We were happy when he was ineligible for the program because it meant he had been progressing very well. But, they tested cognitive skills almost exclusively and of course he blew all those tests out of the water. The fact that, at age three, he couldn’t get into the chair by himself to take the tests did not seem to be a factor. I raised the issue of his physical and social challenges but was assured they were no big deal and would get better as he got older. And if it didn’t? Well, there is a special needs preschool literally steps from the room where he will take Kindergarten so you’ll have all these resources to help you when the time comes.
So here we are and up until today, I thought we were on the right track. Then this morning I got a phone call from the principal wanting to put him in an extended hours Kindergarten class for the kids who are needing a little extra help. I was all for it until she told me the focus of the class — phonics.

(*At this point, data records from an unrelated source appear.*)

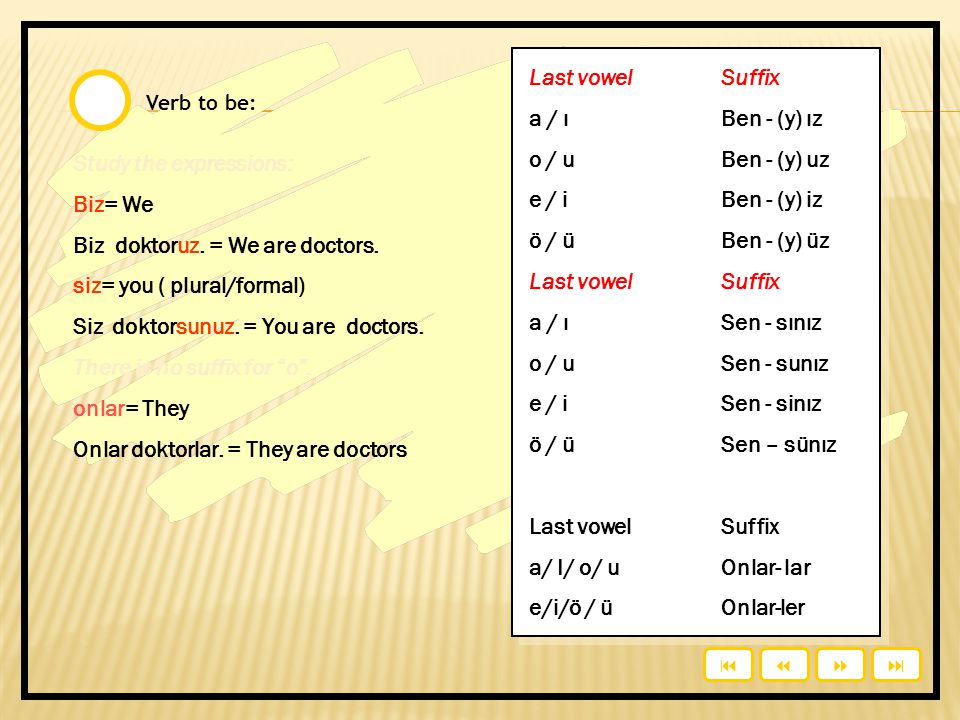 Study the expressions: Biz= We Biz doktoruz. = We are doctors.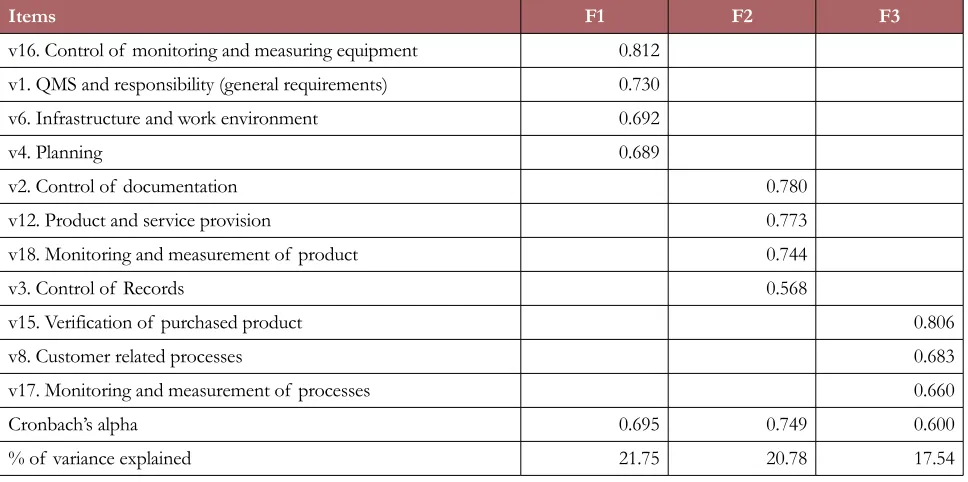 Table 5. Matrix rotated components using the Varimax extraction method
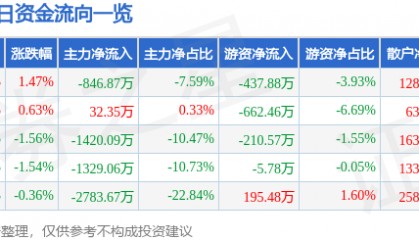 股票行情快报：激智科技（300566）8月4日主力资金净卖出846.87万元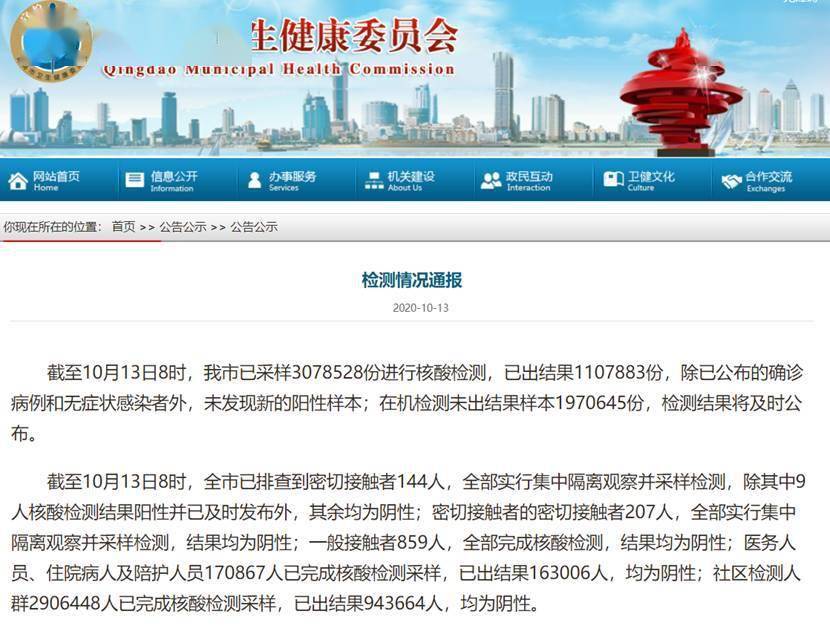 山东青岛疫情最新动态更新
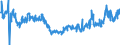 CN 06031100 /Exports /Unit = Prices (Euro/suppl. units) /Partner: Russia /Reporter: Eur27_2020 /06031100:Fresh cut Roses and Buds, of a Kind Suitable for Bouquets or for Ornamental Purposes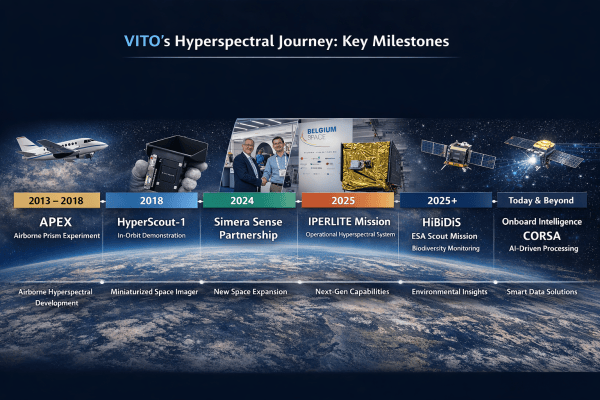 VITO's hyperspectral journey milestones timeline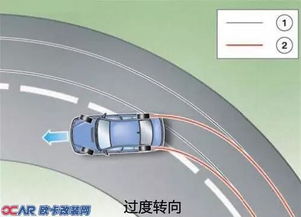 汽车转向角度是多少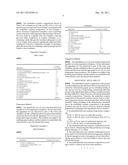 EMULSIFIED COSMETIC COMPOSITION diagram and image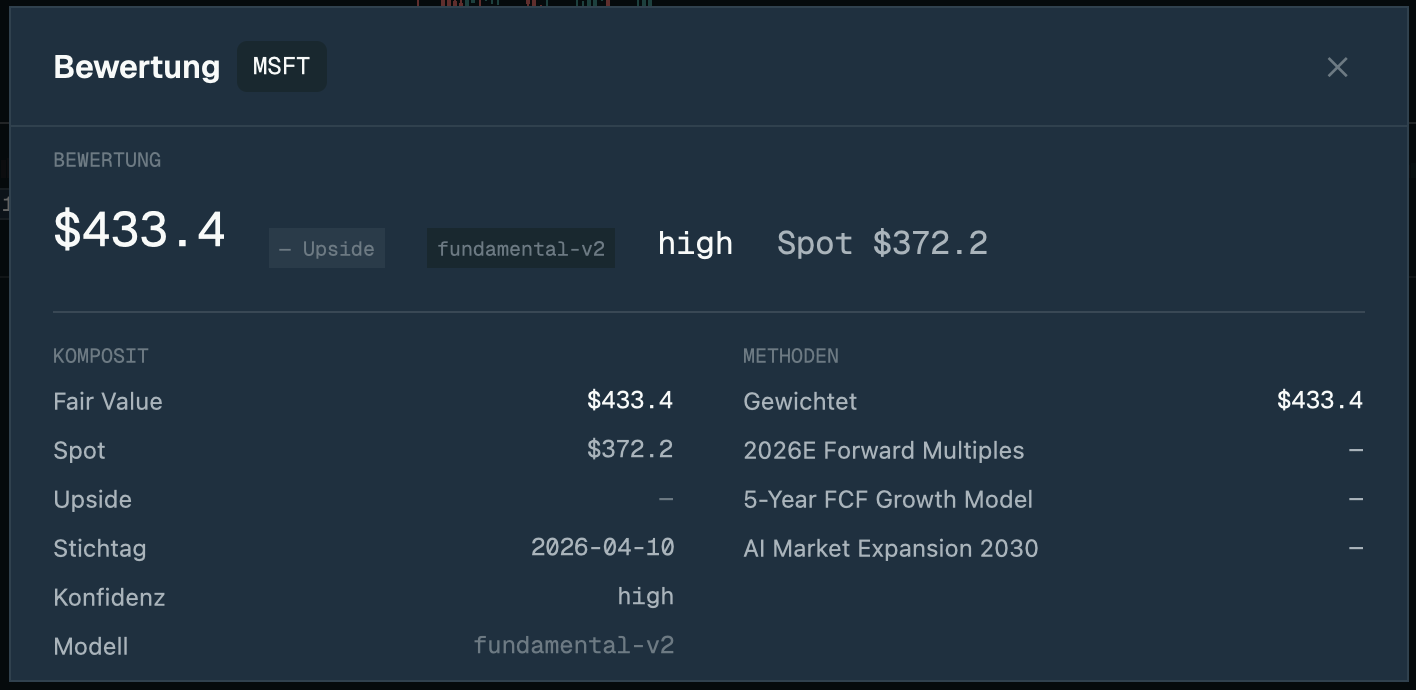 Composite Fair Value für MSFT — $433,4 gewichteter Fair Value vs $372,2 Spot, hohe Konfidenz, Methoden-Mix aus 2026E Forward Multiples, 5-Year FCF Growth Model und AI Market Expansion 2030.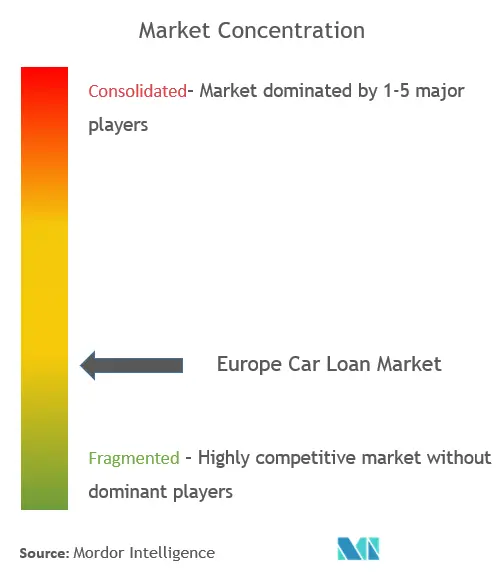 ヨーロッパの自動車ローン市場集中度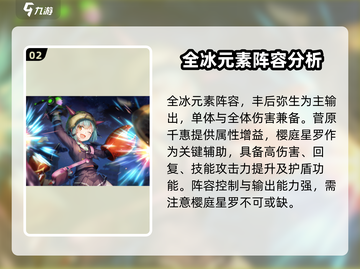 炽焰天穹🔥最强阵容搭配推荐，速来围观！截图3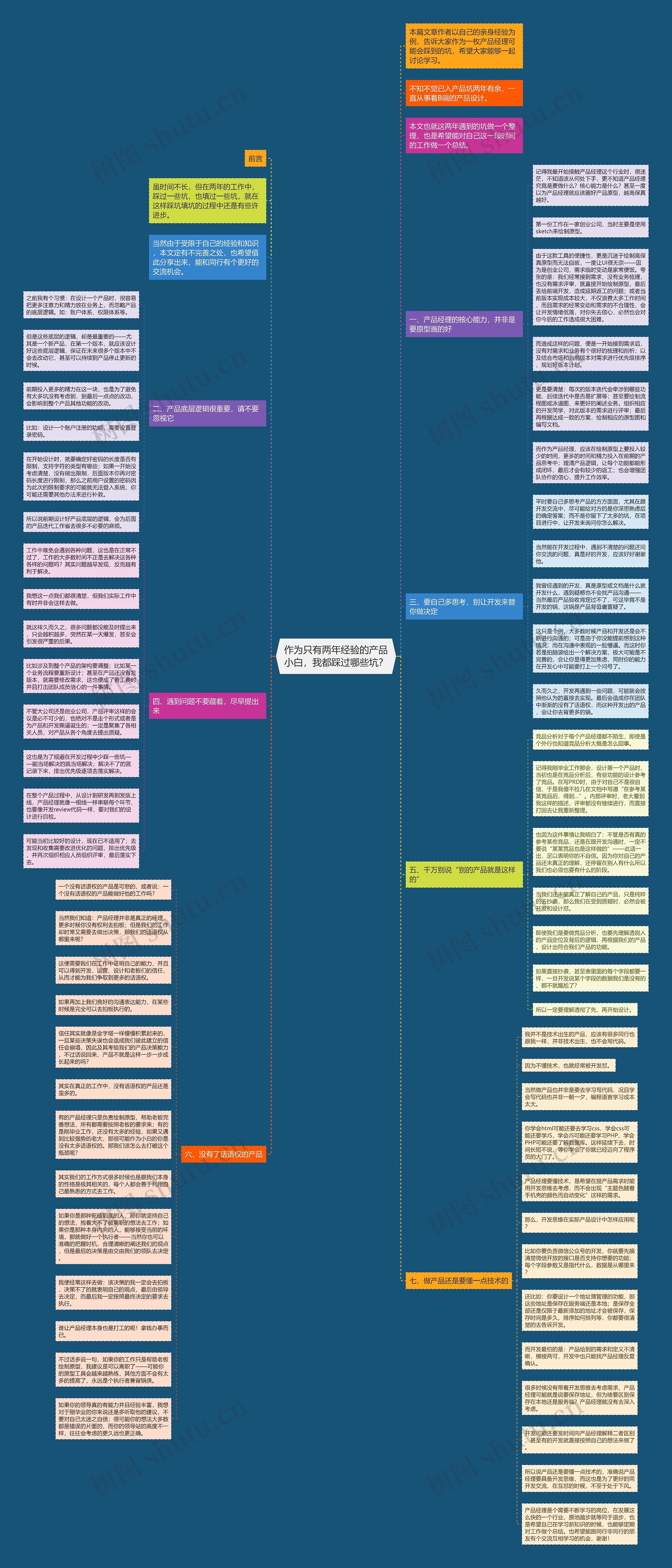 作为只有两年经验的产品小白，我都踩过哪些坑？思维导图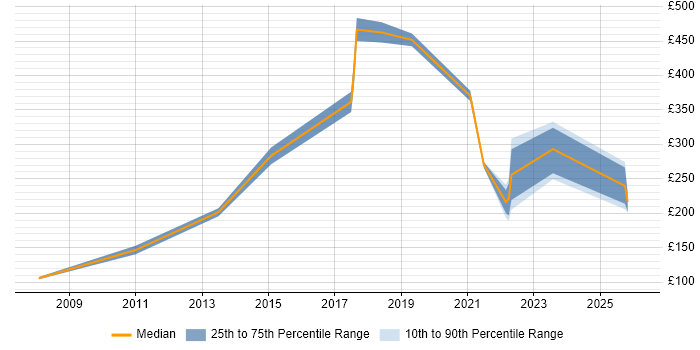 Contractor daily rate distribution trend for jobs in Wrexham citing Social Skills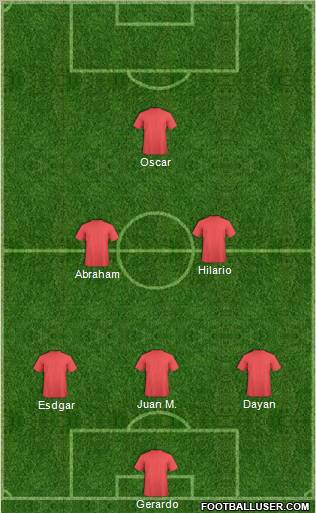 Pro Evolution Soccer Team Formation 2012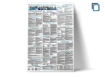 Picture of Health Care Custom Poster (SP) Laminated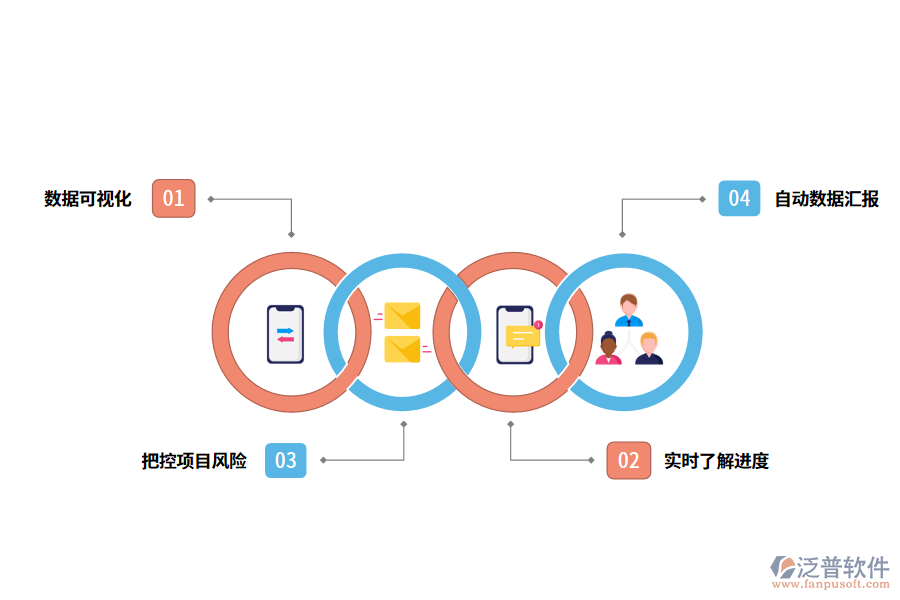 泛普軟件工程項目進(jìn)度管理軟件的作用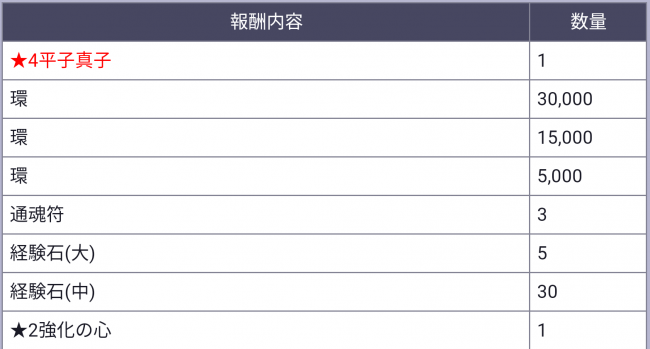 抽選報酬1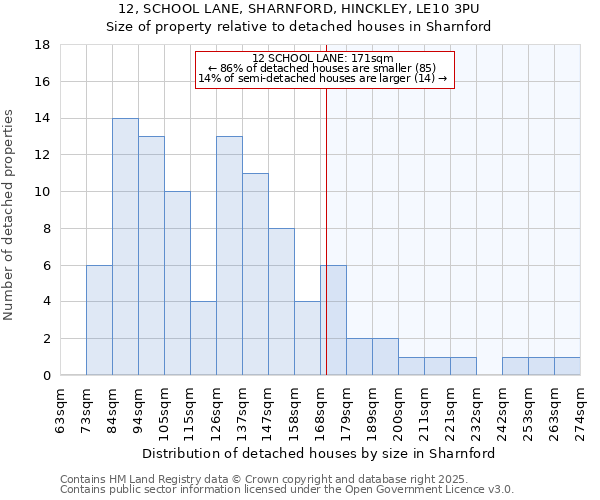 12, SCHOOL LANE, SHARNFORD, HINCKLEY, LE10 3PU: Size of property relative to detached houses in Sharnford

This is the kid who knew all his numbers, shapes, colors, and letters by the time he was three and a half. This is the kid who loves going to the library because they have the alphabet painted onto the carpet and he gets to walk on the letters while saying each one. This is the kid who fills up my driveway with chalked ABCs and who can spell the word rocket. He knows the alphabet forwards, backwards, upside down, and inside out. He knows the difference between vowels and consonants. He knows that “C” makes two different sounds. He can read street signs. He can even do this…
I really don’t think phonics is part of his set of challenges.
I pointed all this out to Ms. S. and she argued that they had had two assessments and both times his scores were low. I told her I was at one of the assessments (pre-Kindergarten with his teacher) and if the other was similar, he wasn’t answering the questions because he didn’t trust the teacher/evaluator yet, NOT because he didn’t know the answers. And then she said, “Okay, well so can I go ahead and sign him up for the class then?”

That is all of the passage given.